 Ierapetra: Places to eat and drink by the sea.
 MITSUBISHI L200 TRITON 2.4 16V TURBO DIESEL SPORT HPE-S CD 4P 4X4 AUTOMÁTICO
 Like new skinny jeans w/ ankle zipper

--------------------

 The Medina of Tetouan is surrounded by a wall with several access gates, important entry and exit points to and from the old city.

--------------------

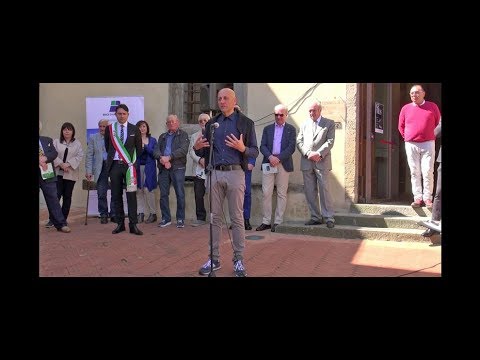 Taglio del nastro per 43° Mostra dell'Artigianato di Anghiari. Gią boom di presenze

--------------------

The task =>
Each line above from the one with "Ierapetra: Places to" up to and including the one with "Like new skinny jeans w/ ankle zipper" must be set down exactly, and no line outside that span may appear.

Answer to this problem =>
 Ierapetra: Places to eat and drink by the sea.
 MITSUBISHI L200 TRITON 2.4 16V TURBO DIESEL SPORT HPE-S CD 4P 4X4 AUTOMÁTICO
 Like new skinny jeans w/ ankle zipper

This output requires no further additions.